Friday, June 20, 2008
Litigation over whether charities can change the use of restricted gifts is becoming more common and the legal issues involved more complex. The most visible of these cases over the past few years has been the litigation involving Princeton and the Robertson Foundation over the Woodrow Wilson School of Public and International Affairs. In this case, the Robertson family has argued that Princeton violated the terms of the gift that funded the Wilson School (originally $35 million, now almost $800 million, and more than 5% of Princeton's total endowment). The Robertson family has a whole website devoted to the litigation here; and of course Princeton has published rebuttals on its own web site here. See also the prior blog post regarding Professor Iris Goodwin's article about the Princeton litigation here.
Now a trial judge in Minnesota has taken both the Minnesota Attorney General and St. Olaf's College to the woodshed regarding St. Olaf's sale of WCAL, its public radio station (which St. Olaf sold to Minnesota Public Radio). St. Olaf's had sought to remove the restrictions on certain gifts to the college that were for the benefit of supporting WCAL, and the judge in this case refused St. Olaf's request with respect to several of the gifts in question (the judge did permit certain gifts to be used to support St. Olaf's production of certain radio shows that would continue to be broadcast over the MPR network).

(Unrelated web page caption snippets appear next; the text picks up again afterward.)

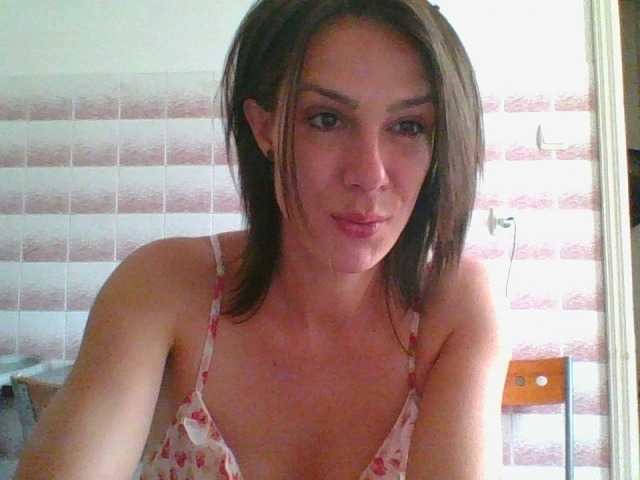 Скриншоты трансляции Ginela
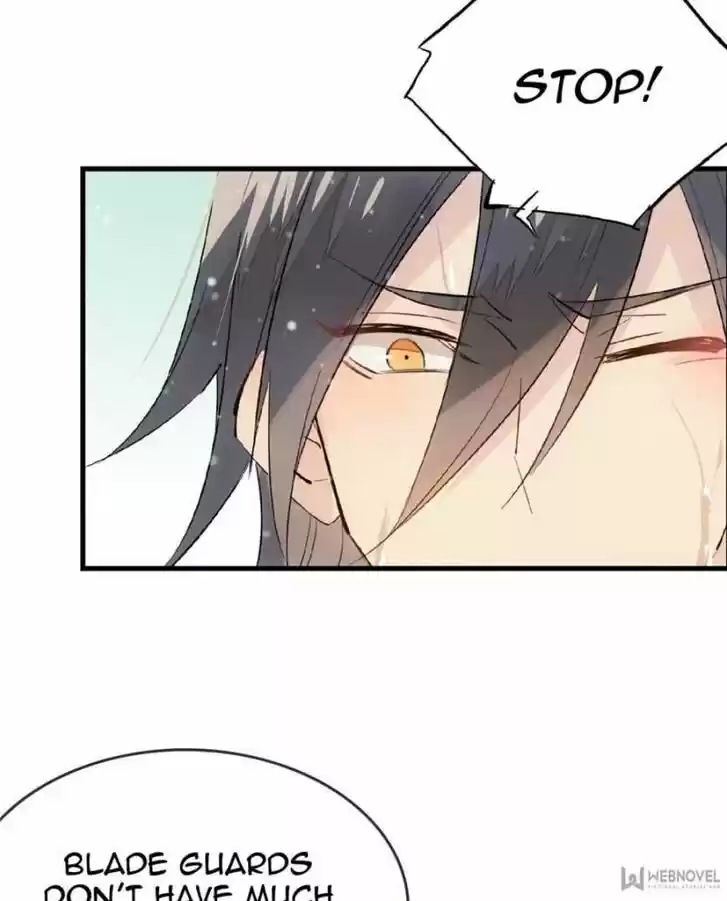 Shifu You Zai Liao Wo Ch.049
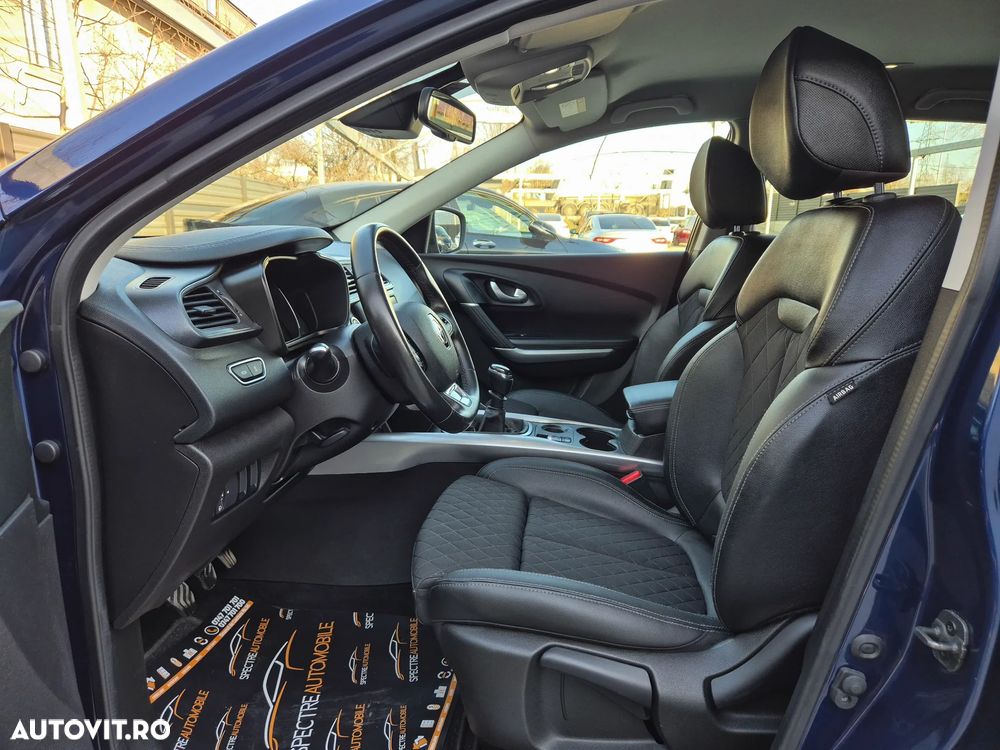 Renault Kadjar TCe GPF Intens - 9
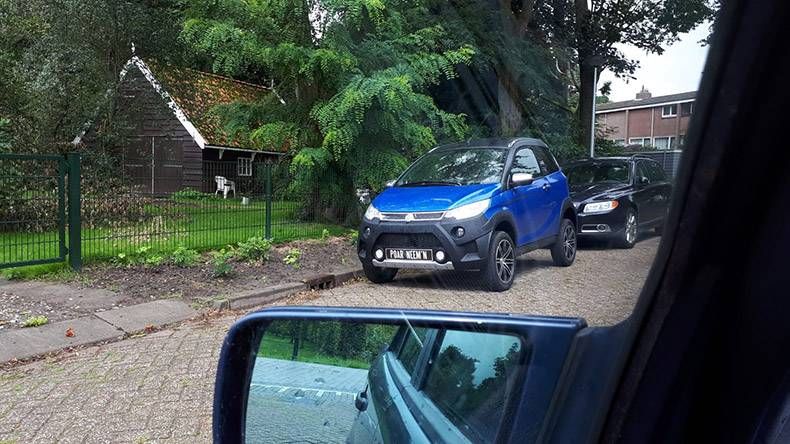 Gewoon een verzameling hilarische foto's #1182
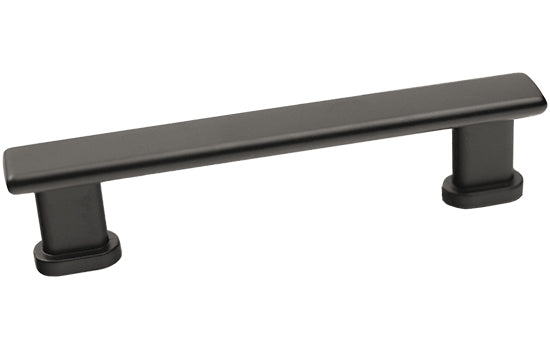 J684-DP - 96mm Center to Center Dark Pewter Jamison Collection Pull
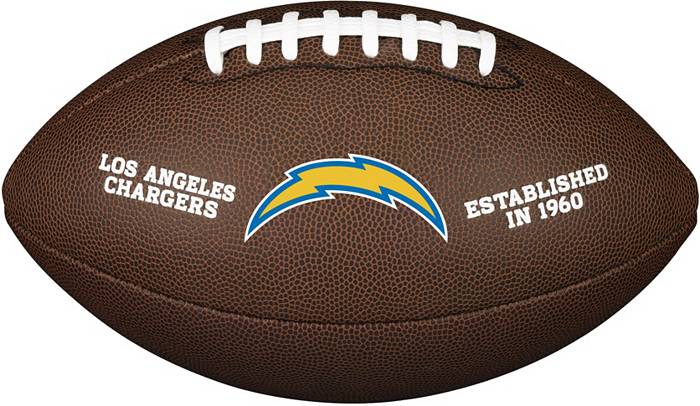 2 Ball Aluminum Cups Los Angeles Chargers Logo from Super Ball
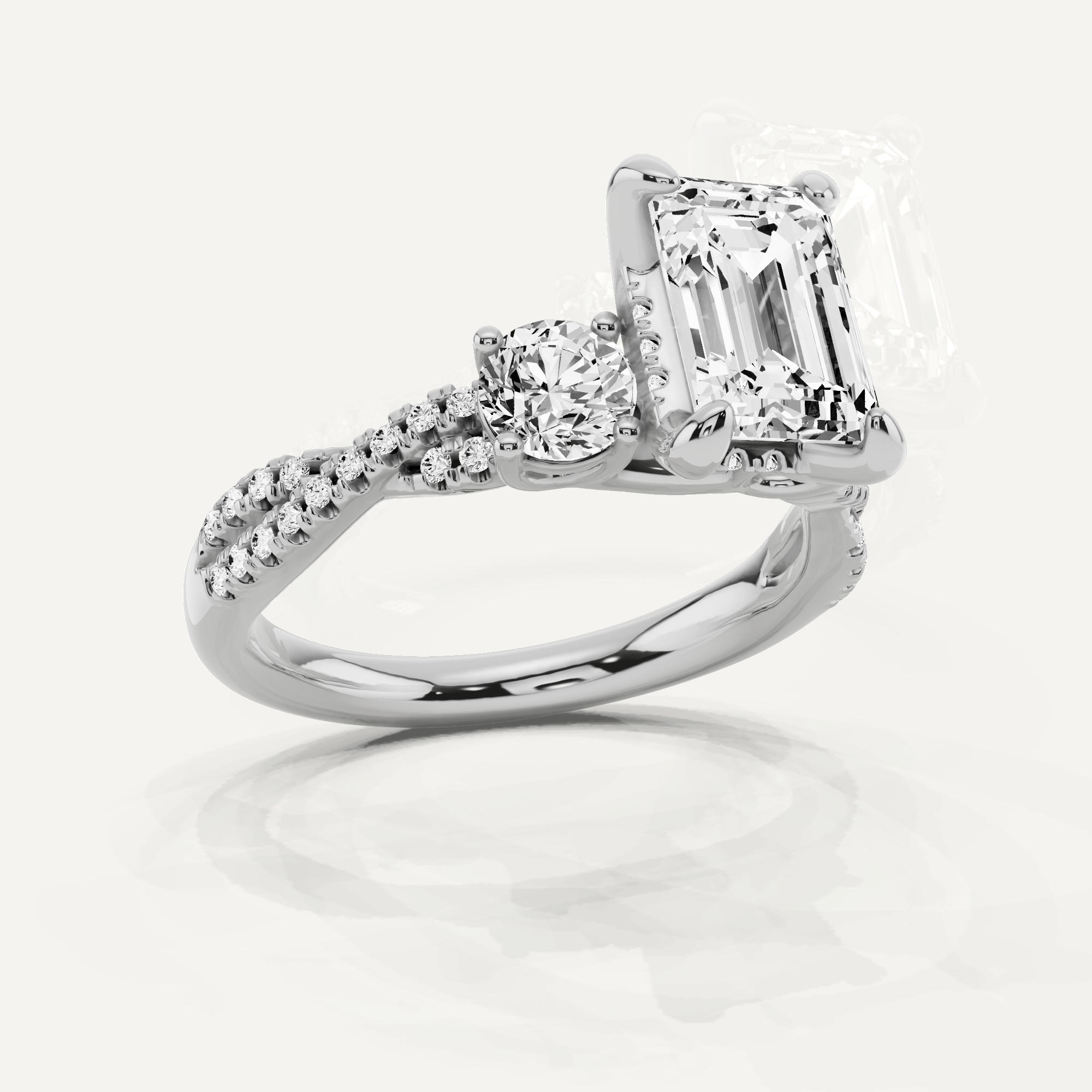_roll_image@SKU:R1948-LGDE02000004W #metal_14k-white-gold+origin_lab-grown+quality_ef-vs2+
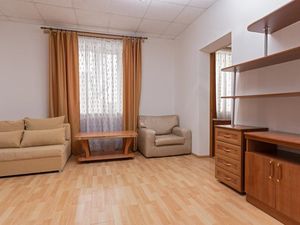 Санаторий "Солнечный" | 2-местный  2-комнатный  стандарт в блоке корп. 4 (коттедж)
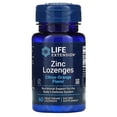 thumbnail image 1 of Zinc Life Extension Cítrico y Naranja 60 Cápsulas, 1 of 4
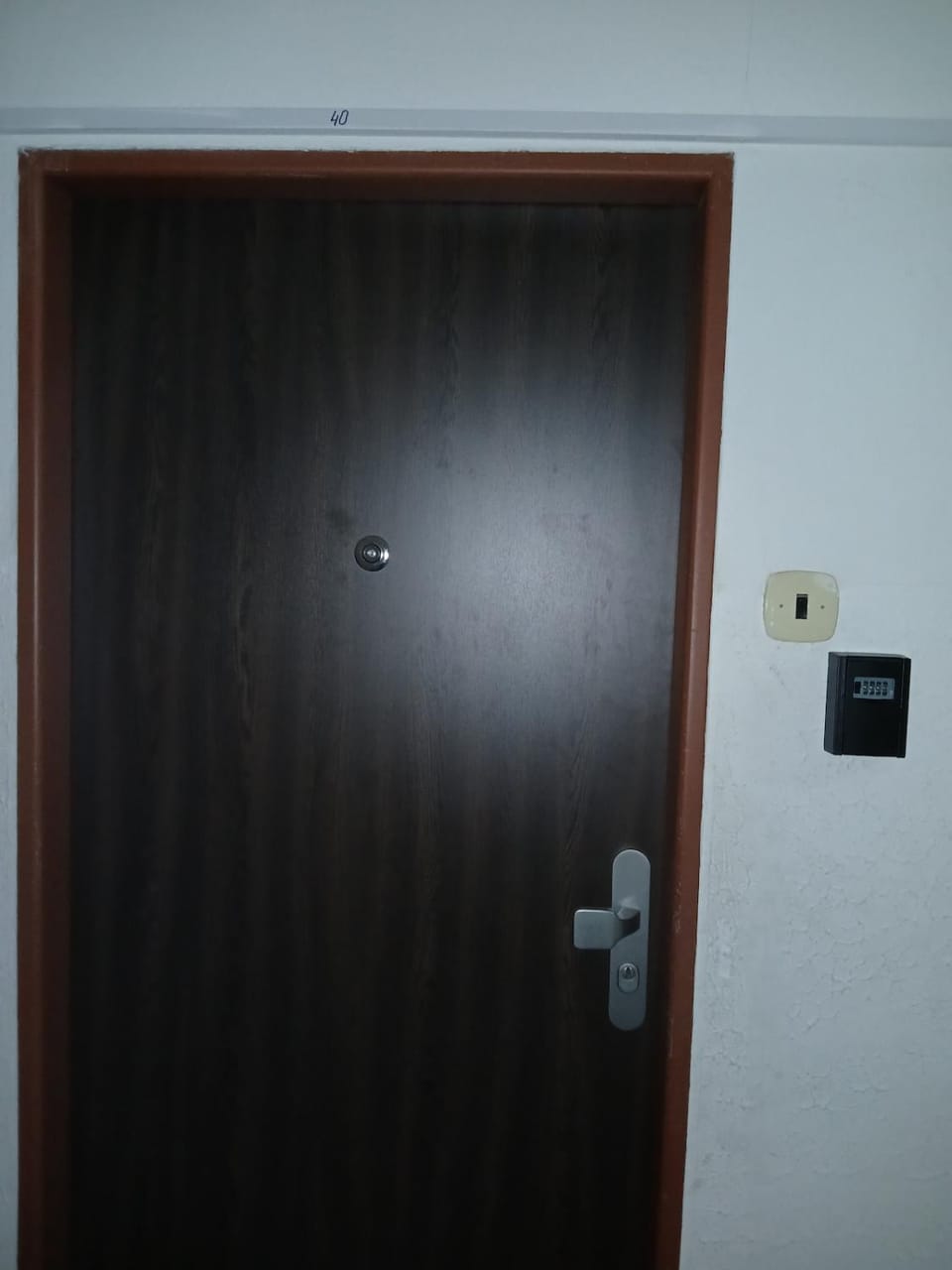 Apartmán Nové Město na Moravě Apartment in Czechia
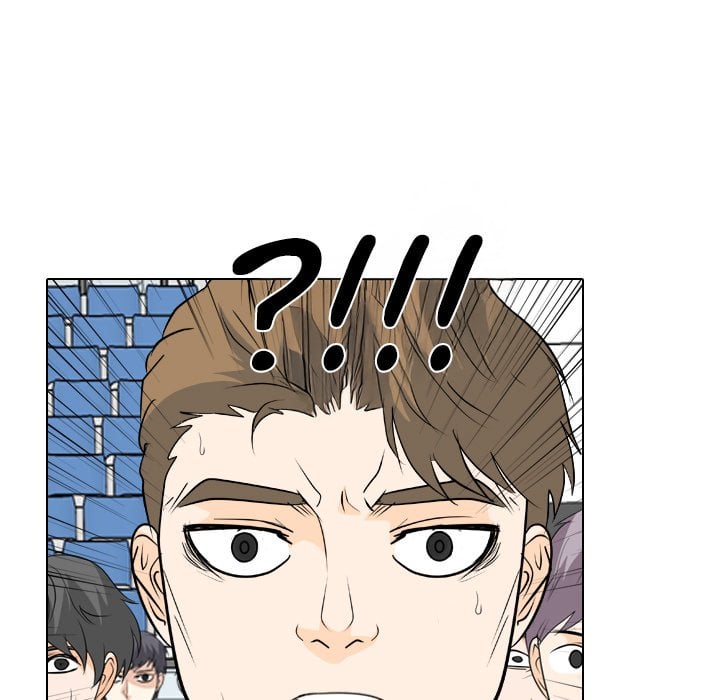 High School Legend Red Dragon image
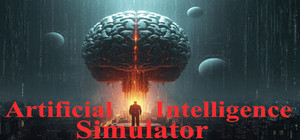 Artificial Intelligence Simulator banner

In the opening part of his opinion, Judge Gerald Wolf stated,
The Minnesota Attorney General is the watchdog of all trusts throughout the state of Minnesota. Deplorably, when St. Olaf made the decision to sell WCAL, no one from the Attorney General's Office intervened to safeguard the trust. The Attorney General's Office was notified by SaveWCAL of the pending sale yet they failed to do anything. The undersigned is absolutely mystified as to why the State Attorney General did not become involved in a sale of trust assets valued at $12 million when it is its statutory obligation to do so.
The undersigned does recognize that there is a newly elected Attorney General who was not in office at the time of the sale. However, the office is painted with the same brush. Her office is tainted with this lapse of duty even though she did not hold her present position at the time. Regardless of who was serving as Minnesota Attorney General at the time of the sale, the office as an institution has a duty to the people of Minnesota to serve as guardian of all trusts created and operated in this state. The Minnesota Attorney General's Office failed in its duty in this case.
The opinion in the case is available here (fairly large PDF file with a fairly slow link, so give it time to load).